- [REQUIRED WORK]
Reproduce every line of the listing as written, apart from the pictures.

- [DATA BLOCK]
>>>
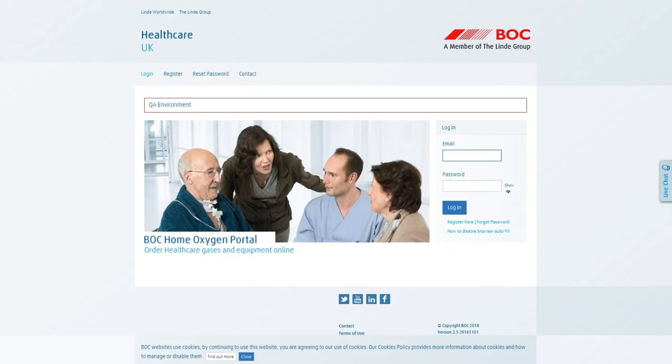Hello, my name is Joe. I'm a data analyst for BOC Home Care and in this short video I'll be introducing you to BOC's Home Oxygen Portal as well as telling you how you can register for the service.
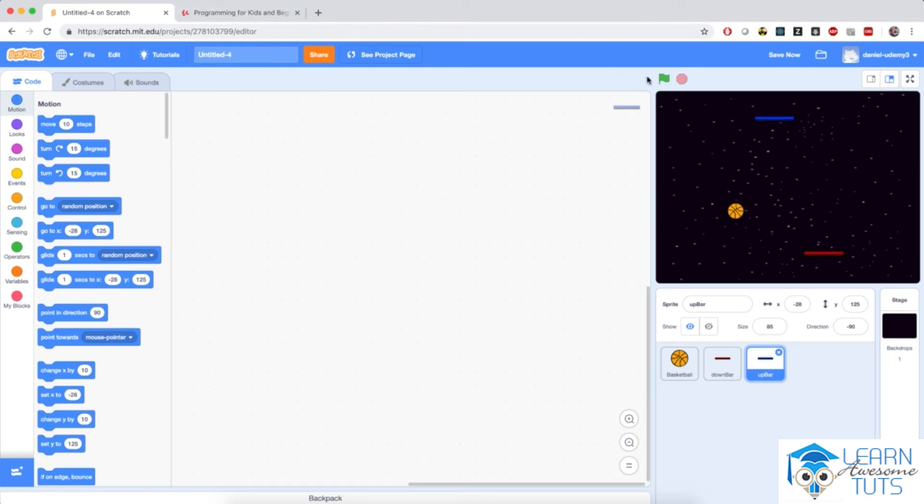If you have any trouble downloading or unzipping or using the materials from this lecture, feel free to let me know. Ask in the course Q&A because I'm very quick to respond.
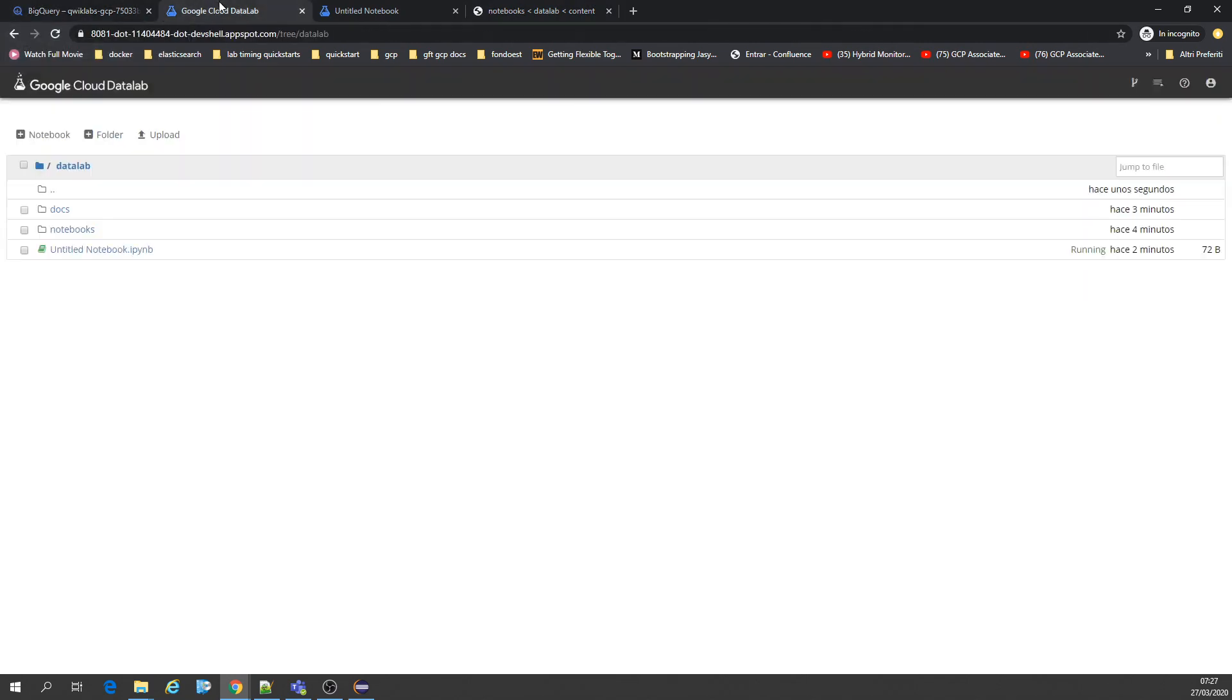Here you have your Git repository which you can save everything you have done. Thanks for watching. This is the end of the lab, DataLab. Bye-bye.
<<<
- [EXPECTED OUTPUT]
Hello, my name is Joe. I'm a data analyst for BOC Home Care and in this short video I'll be introducing you to BOC's Home Oxygen Portal as well as telling you how you can register for the service.
If you have any trouble downloading or unzipping or using the materials from this lecture, feel free to let me know. Ask in the course Q&A because I'm very quick to respond.
Here you have your Git repository which you can save everything you have done. Thanks for watching. This is the end of the lab, DataLab. Bye-bye.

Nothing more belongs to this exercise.